> THE TASK:
Write out only the final part of the records below. It begins with the line that contains "Flashpoint LED FPVL100AK" and ends with the last line.

((

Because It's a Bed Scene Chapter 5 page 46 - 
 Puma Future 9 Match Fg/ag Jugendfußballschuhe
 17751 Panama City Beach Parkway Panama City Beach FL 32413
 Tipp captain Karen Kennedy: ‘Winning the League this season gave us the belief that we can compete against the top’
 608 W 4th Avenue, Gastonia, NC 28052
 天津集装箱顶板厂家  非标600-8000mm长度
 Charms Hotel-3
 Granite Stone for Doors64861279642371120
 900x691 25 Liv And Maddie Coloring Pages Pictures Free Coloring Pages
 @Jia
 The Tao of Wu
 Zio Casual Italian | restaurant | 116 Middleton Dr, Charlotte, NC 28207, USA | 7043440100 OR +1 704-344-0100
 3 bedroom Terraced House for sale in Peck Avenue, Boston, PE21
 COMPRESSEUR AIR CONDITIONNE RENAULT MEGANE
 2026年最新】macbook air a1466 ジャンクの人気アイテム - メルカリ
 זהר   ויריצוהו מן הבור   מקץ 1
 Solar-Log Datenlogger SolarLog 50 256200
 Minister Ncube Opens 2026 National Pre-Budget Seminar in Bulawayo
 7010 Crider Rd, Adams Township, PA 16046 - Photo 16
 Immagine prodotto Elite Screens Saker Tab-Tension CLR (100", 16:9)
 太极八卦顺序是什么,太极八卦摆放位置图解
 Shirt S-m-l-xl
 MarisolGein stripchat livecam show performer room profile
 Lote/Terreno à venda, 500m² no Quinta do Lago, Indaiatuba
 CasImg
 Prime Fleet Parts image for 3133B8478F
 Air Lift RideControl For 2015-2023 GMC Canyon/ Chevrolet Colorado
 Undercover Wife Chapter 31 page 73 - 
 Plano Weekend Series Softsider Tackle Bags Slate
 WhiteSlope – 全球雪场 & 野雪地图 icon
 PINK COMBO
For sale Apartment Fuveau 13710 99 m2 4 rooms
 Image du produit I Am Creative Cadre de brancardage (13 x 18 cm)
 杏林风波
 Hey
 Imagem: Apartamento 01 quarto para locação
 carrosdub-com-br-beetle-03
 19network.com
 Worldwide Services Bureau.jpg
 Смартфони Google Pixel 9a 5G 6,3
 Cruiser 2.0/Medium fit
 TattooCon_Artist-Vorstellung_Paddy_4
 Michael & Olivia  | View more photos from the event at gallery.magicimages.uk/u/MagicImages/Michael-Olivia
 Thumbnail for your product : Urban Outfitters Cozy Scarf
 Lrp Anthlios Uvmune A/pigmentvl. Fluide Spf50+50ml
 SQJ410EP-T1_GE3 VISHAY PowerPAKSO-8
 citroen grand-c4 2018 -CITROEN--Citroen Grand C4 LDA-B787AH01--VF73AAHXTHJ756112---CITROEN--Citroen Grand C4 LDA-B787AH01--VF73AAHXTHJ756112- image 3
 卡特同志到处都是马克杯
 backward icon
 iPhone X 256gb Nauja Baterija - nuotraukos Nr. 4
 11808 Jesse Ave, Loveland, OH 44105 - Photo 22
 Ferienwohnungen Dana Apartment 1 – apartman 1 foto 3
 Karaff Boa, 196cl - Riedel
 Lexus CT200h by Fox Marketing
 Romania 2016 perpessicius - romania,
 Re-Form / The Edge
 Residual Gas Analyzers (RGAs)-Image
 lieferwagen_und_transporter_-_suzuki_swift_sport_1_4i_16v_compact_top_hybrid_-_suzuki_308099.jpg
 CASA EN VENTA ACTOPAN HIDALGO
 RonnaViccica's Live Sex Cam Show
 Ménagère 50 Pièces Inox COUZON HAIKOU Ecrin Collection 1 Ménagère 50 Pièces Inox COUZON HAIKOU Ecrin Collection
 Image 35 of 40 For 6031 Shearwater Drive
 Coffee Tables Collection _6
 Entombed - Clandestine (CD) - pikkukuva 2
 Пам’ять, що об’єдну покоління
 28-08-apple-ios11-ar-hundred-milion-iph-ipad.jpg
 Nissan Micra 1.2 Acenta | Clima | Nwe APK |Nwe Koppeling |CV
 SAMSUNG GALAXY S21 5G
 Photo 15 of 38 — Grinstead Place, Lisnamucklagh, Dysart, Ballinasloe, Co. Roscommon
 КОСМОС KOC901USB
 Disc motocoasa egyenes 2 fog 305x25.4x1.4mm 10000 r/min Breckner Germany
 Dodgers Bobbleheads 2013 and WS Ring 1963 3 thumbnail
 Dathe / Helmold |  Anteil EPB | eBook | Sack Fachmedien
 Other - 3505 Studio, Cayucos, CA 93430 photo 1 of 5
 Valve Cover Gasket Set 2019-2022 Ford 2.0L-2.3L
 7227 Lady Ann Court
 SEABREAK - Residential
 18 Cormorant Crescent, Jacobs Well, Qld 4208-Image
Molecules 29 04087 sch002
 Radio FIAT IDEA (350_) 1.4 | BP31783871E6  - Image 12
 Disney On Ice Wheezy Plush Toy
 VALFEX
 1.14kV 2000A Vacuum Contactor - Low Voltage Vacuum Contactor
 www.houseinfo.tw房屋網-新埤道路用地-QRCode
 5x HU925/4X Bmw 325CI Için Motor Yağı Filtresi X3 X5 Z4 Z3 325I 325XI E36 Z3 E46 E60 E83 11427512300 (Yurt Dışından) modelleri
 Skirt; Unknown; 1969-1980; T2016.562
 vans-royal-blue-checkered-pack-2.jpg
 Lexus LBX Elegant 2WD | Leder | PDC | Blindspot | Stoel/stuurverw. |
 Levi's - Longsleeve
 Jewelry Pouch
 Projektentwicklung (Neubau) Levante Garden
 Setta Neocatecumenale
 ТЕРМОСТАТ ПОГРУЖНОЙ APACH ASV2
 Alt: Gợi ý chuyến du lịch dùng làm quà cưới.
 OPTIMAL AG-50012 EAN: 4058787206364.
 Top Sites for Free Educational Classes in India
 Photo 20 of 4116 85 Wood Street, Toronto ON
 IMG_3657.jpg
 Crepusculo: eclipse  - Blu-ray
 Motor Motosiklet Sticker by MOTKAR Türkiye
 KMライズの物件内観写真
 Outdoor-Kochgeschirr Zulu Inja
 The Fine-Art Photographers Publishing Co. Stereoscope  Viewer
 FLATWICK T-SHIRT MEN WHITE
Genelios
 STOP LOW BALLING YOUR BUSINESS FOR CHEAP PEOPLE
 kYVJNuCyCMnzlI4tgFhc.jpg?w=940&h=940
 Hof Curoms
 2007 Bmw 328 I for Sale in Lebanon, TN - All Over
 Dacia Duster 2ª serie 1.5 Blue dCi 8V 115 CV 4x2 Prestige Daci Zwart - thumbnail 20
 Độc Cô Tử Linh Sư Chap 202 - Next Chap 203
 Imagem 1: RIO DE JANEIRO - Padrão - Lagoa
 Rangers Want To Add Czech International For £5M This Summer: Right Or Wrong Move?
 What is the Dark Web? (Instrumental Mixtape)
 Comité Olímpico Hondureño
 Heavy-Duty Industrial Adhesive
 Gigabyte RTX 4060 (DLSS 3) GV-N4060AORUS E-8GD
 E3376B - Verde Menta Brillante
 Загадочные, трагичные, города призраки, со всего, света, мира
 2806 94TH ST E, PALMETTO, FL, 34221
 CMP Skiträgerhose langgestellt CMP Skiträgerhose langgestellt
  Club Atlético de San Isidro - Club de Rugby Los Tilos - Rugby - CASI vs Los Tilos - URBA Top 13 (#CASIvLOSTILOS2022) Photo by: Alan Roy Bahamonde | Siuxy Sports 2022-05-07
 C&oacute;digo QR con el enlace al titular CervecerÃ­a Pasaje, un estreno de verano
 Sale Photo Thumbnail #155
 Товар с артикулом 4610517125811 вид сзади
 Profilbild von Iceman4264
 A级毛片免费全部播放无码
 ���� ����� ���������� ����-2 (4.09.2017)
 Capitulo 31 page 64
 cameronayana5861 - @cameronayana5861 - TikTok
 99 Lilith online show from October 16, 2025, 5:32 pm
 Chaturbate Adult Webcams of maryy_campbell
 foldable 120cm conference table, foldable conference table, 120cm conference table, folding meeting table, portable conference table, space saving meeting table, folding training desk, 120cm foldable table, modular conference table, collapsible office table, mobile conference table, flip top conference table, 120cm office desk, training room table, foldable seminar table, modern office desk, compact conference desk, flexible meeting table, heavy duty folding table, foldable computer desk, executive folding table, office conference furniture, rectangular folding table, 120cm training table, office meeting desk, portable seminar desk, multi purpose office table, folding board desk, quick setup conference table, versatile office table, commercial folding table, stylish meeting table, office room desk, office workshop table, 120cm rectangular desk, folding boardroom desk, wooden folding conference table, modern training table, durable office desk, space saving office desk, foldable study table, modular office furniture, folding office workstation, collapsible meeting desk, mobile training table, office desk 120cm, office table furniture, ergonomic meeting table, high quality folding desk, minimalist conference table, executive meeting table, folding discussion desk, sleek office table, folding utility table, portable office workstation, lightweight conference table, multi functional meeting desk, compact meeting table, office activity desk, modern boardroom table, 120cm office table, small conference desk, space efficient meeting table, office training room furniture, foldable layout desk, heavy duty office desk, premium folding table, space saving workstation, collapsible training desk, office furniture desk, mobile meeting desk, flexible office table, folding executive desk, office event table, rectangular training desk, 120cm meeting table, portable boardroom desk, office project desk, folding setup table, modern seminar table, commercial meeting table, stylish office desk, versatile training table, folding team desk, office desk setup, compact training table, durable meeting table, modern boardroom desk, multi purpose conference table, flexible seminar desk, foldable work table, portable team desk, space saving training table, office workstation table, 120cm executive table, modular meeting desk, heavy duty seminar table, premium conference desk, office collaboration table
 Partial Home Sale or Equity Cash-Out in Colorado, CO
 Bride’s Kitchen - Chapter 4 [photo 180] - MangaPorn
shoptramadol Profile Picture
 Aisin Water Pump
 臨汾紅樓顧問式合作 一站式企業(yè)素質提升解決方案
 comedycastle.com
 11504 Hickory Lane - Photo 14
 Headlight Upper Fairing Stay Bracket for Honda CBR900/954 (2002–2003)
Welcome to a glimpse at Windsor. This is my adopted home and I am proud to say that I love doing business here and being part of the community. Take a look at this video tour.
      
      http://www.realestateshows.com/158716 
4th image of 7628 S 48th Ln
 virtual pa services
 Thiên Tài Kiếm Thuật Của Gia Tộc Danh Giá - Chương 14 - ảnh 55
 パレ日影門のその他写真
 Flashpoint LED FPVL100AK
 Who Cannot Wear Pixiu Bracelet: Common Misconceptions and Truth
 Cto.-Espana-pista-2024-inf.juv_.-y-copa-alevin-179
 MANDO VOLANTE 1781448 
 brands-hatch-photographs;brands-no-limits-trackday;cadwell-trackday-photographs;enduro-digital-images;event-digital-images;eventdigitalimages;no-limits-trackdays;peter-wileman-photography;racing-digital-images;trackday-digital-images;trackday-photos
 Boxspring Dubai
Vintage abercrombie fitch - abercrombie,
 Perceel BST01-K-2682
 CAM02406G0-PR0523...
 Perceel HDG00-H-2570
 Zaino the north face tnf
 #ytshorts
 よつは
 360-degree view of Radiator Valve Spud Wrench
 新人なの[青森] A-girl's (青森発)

))

> WRITTEN SOLUTION:
 Flashpoint LED FPVL100AK
 Who Cannot Wear Pixiu Bracelet: Common Misconceptions and Truth
 Cto.-Espana-pista-2024-inf.juv_.-y-copa-alevin-179
 MANDO VOLANTE 1781448 
 brands-hatch-photographs;brands-no-limits-trackday;cadwell-trackday-photographs;enduro-digital-images;event-digital-images;eventdigitalimages;no-limits-trackdays;peter-wileman-photography;racing-digital-images;trackday-digital-images;trackday-photos
 Boxspring Dubai
Vintage abercrombie fitch - abercrombie,
 Perceel BST01-K-2682
 CAM02406G0-PR0523...
 Perceel HDG00-H-2570
 Zaino the north face tnf
 #ytshorts
 よつは
 360-degree view of Radiator Valve Spud Wrench
 新人なの[青森] A-girl's (青森発)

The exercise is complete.